*** Opening of TASK DATA ***

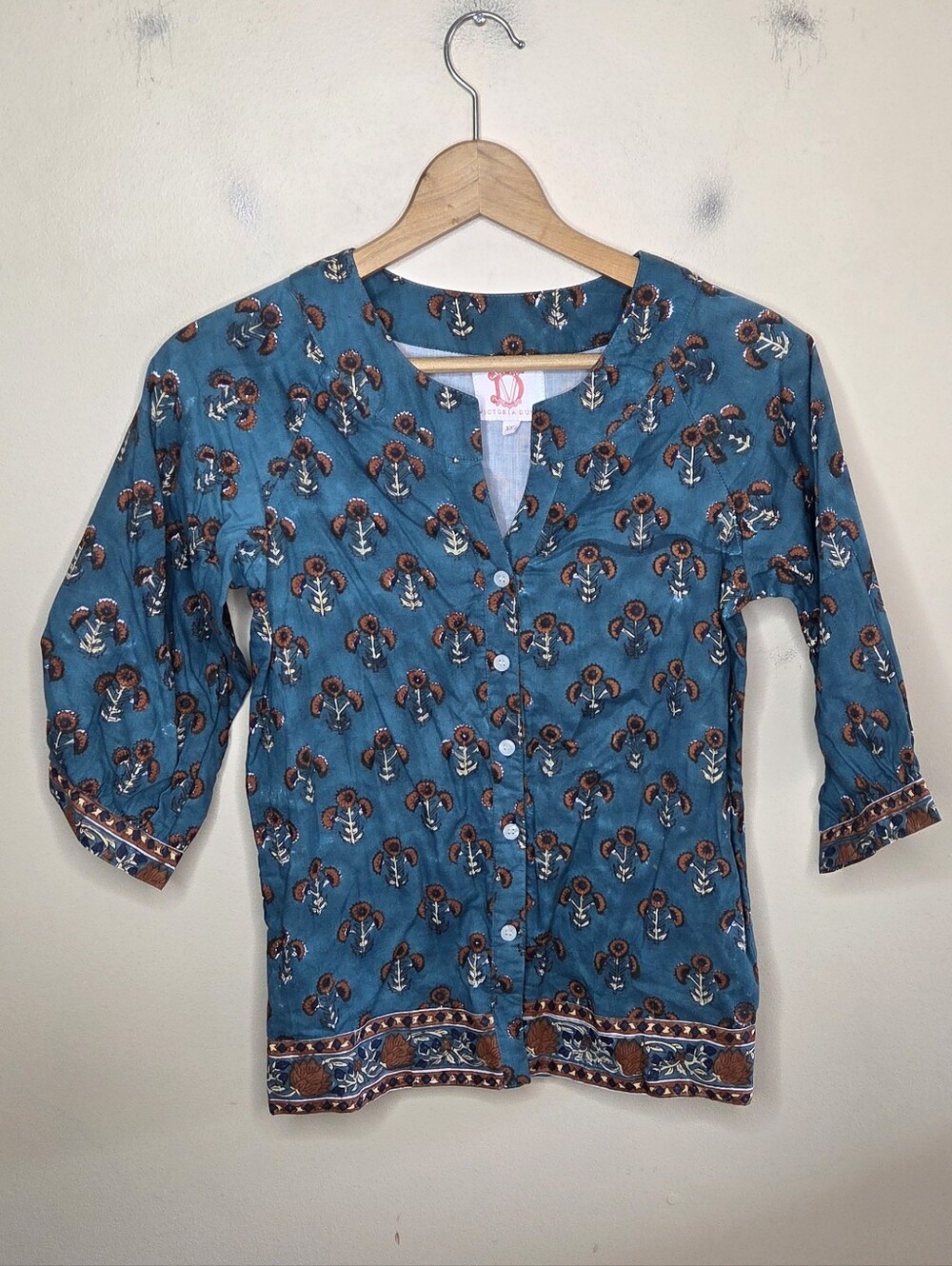 Victoria Dunn Blue & Orange Floral Print 3/4 Sleeve Button Up Shirt Size XS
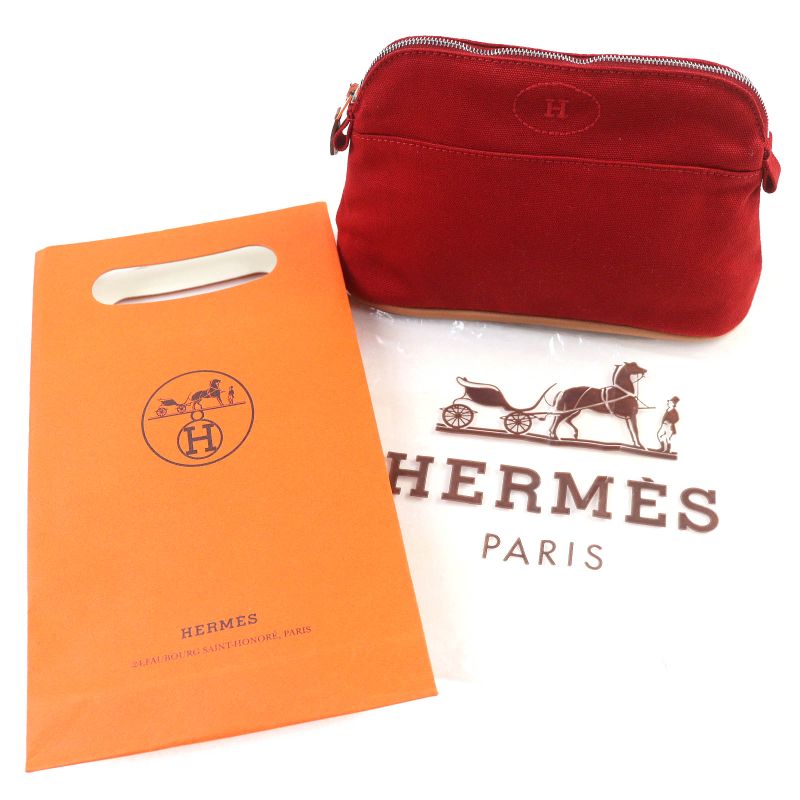 Hermes Bolide Pouch PM Cotton 100% H Logo Embroidery Leather Use Cosmetic Pouch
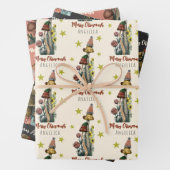 Cute Black Roze paddenstoel Kerstmis Aangepaste na Inpakpapier Vel (In situ)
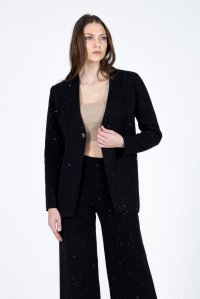 Viscose-blend blazer with sequins black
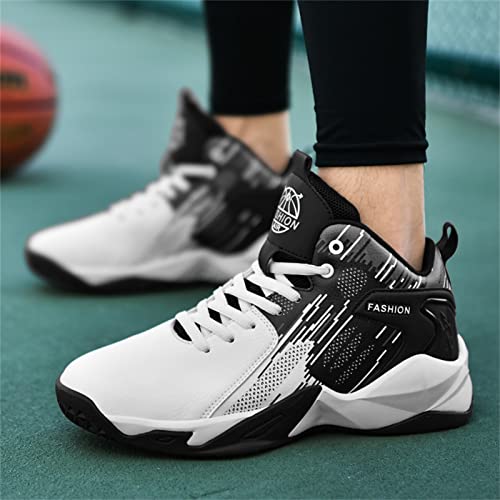 LOONYX Men's Fashion High Top Basketball Shoes White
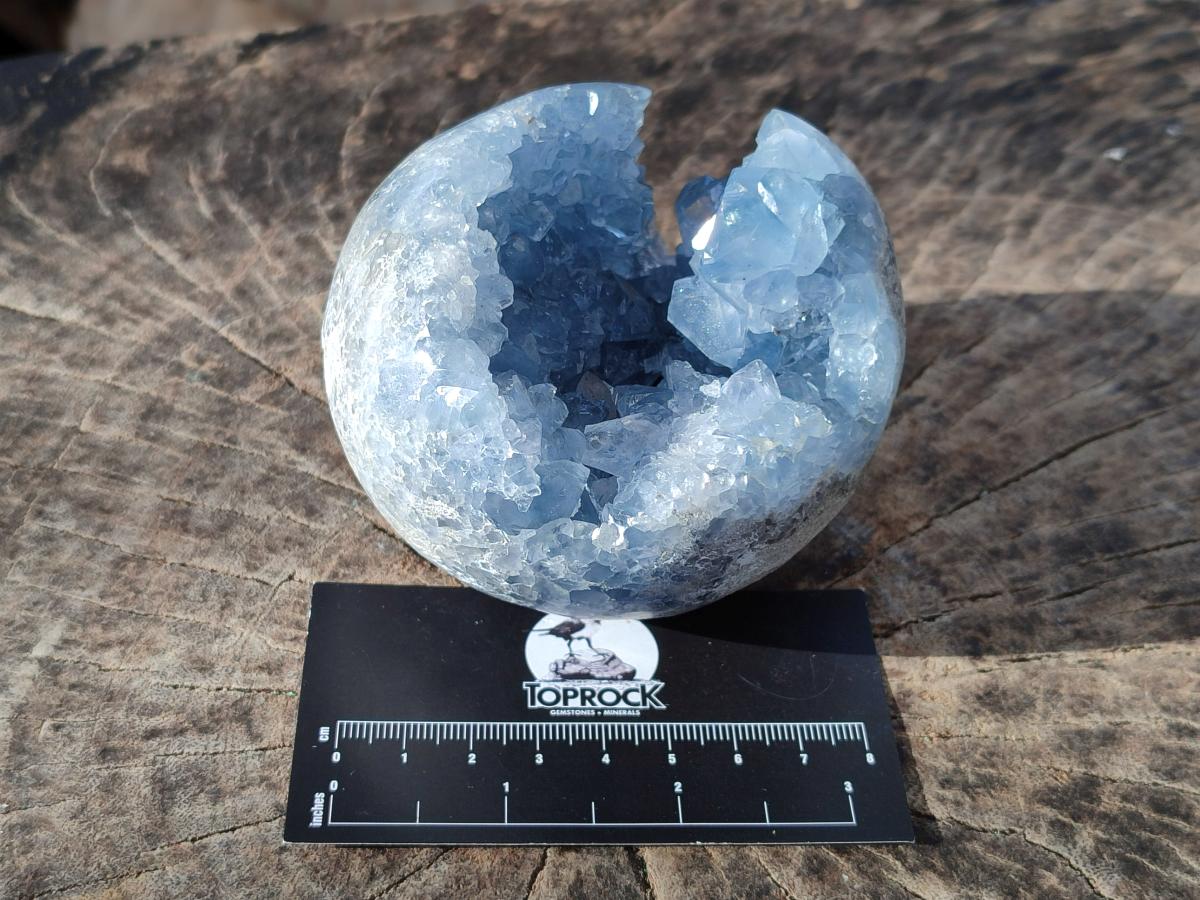 Polished Blue Celestite Spheres x 2 From Sakoany, Madagascar - Toprock Gemstones and Minerals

*** Close of TASK DATA ***

__PROBLEM TO WORK ON__.
Leave the pictures aside. Set down exactly the lines from the one with "LOONYX Men's Fashion" through the final line of the listing above.

__WRITTEN RESPONSE__.
 LOONYX Men's Fashion High Top Basketball Shoes White
 Polished Blue Celestite Spheres x 2 From Sakoany, Madagascar - Toprock Gemstones and Minerals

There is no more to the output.